Problem description: In the listing below, the lines starting at the line with "السفير ضيف الله" and ending at the line with "Turbo neuf comprenant" are to be output verbatim. Images stay out of the copy.

Information provided:
::::

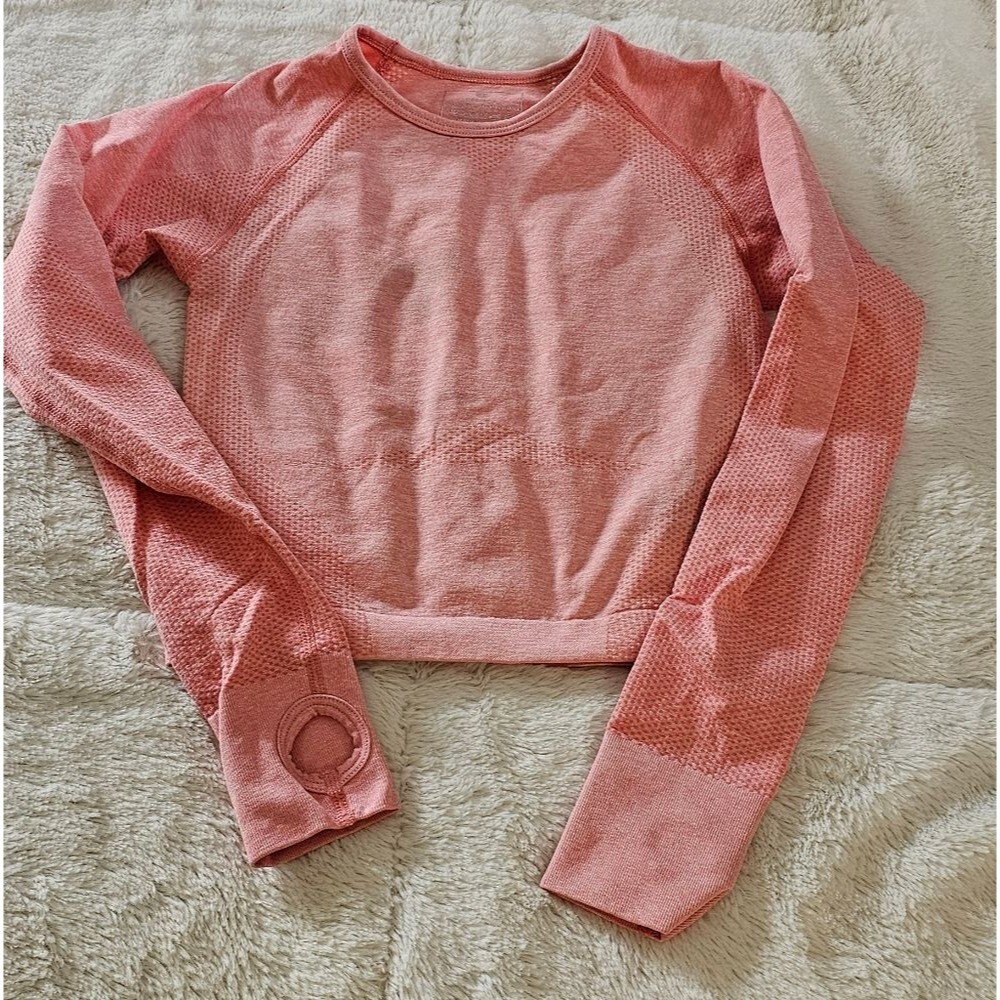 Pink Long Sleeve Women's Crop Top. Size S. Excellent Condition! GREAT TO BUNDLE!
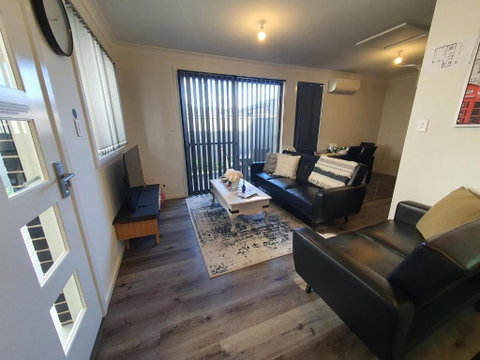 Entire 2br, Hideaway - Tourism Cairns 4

::::

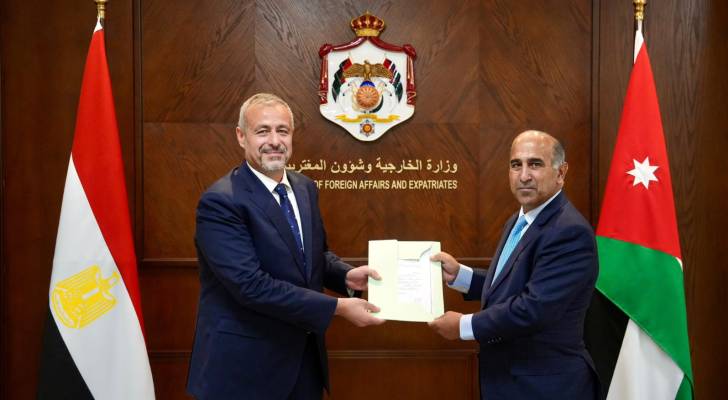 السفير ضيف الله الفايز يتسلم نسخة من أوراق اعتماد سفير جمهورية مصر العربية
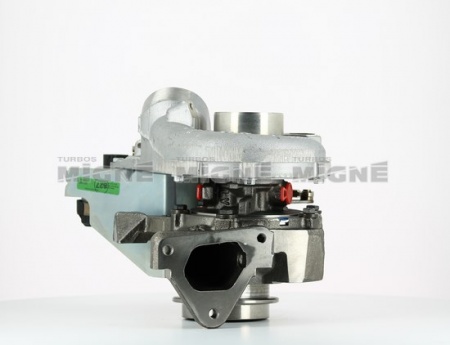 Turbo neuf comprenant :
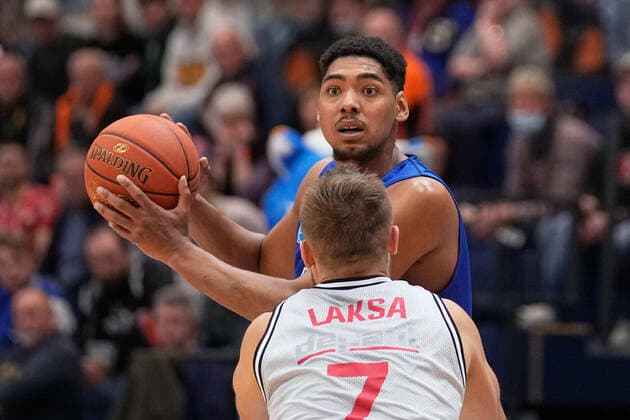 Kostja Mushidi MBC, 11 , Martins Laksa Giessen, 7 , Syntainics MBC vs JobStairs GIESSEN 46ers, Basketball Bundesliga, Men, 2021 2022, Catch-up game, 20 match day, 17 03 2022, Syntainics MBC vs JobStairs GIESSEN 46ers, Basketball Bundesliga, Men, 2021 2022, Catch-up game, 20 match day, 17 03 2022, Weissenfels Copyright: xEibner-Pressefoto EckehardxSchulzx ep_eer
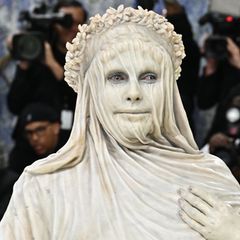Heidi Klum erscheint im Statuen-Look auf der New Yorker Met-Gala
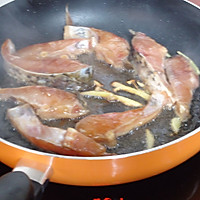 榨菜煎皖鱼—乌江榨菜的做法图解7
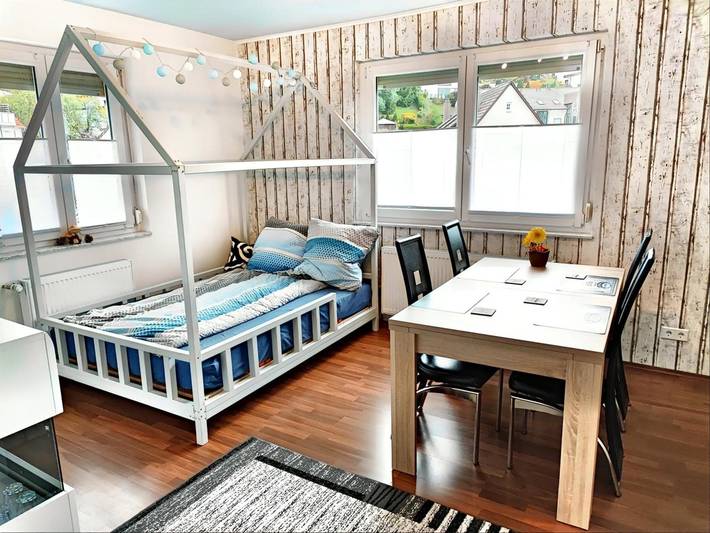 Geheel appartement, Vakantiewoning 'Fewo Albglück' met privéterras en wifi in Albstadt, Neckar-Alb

::::

Output for this task:
 السفير ضيف الله الفايز يتسلم نسخة من أوراق اعتماد سفير جمهورية مصر العربية
 Turbo neuf comprenant :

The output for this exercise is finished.